▶ [DATA FOR ANALYSIS]
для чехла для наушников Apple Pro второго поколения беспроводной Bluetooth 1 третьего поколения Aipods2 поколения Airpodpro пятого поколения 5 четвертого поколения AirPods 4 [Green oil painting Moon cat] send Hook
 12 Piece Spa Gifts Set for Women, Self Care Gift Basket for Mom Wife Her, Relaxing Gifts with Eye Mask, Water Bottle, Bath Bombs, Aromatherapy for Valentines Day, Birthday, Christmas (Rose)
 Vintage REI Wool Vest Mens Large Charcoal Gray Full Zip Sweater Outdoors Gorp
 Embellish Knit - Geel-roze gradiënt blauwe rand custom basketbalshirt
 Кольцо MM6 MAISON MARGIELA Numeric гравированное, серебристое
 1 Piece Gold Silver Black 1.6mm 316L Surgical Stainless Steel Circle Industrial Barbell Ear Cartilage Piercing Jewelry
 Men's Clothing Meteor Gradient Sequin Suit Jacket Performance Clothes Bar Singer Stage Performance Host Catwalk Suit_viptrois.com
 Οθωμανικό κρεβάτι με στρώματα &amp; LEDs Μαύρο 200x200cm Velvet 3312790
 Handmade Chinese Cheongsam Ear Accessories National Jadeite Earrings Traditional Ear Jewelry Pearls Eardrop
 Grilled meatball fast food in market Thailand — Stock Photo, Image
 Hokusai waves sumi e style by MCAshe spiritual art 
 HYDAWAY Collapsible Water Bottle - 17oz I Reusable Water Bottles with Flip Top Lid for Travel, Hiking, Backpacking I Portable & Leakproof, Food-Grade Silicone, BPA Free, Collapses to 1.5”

▶ [WHAT IS REQUIRED] Taking the records above, retype every line from the one with "Embellish Knit - Geel-roze" down to the one with "Grilled meatball fast", exactly and with nothing else.

▶ [PROBLEM SOLUTION]
 Embellish Knit - Geel-roze gradiënt blauwe rand custom basketbalshirt
 Кольцо MM6 MAISON MARGIELA Numeric гравированное, серебристое
 1 Piece Gold Silver Black 1.6mm 316L Surgical Stainless Steel Circle Industrial Barbell Ear Cartilage Piercing Jewelry
 Men's Clothing Meteor Gradient Sequin Suit Jacket Performance Clothes Bar Singer Stage Performance Host Catwalk Suit_viptrois.com
 Οθωμανικό κρεβάτι με στρώματα &amp; LEDs Μαύρο 200x200cm Velvet 3312790
 Handmade Chinese Cheongsam Ear Accessories National Jadeite Earrings Traditional Ear Jewelry Pearls Eardrop
 Grilled meatball fast food in market Thailand — Stock Photo, Image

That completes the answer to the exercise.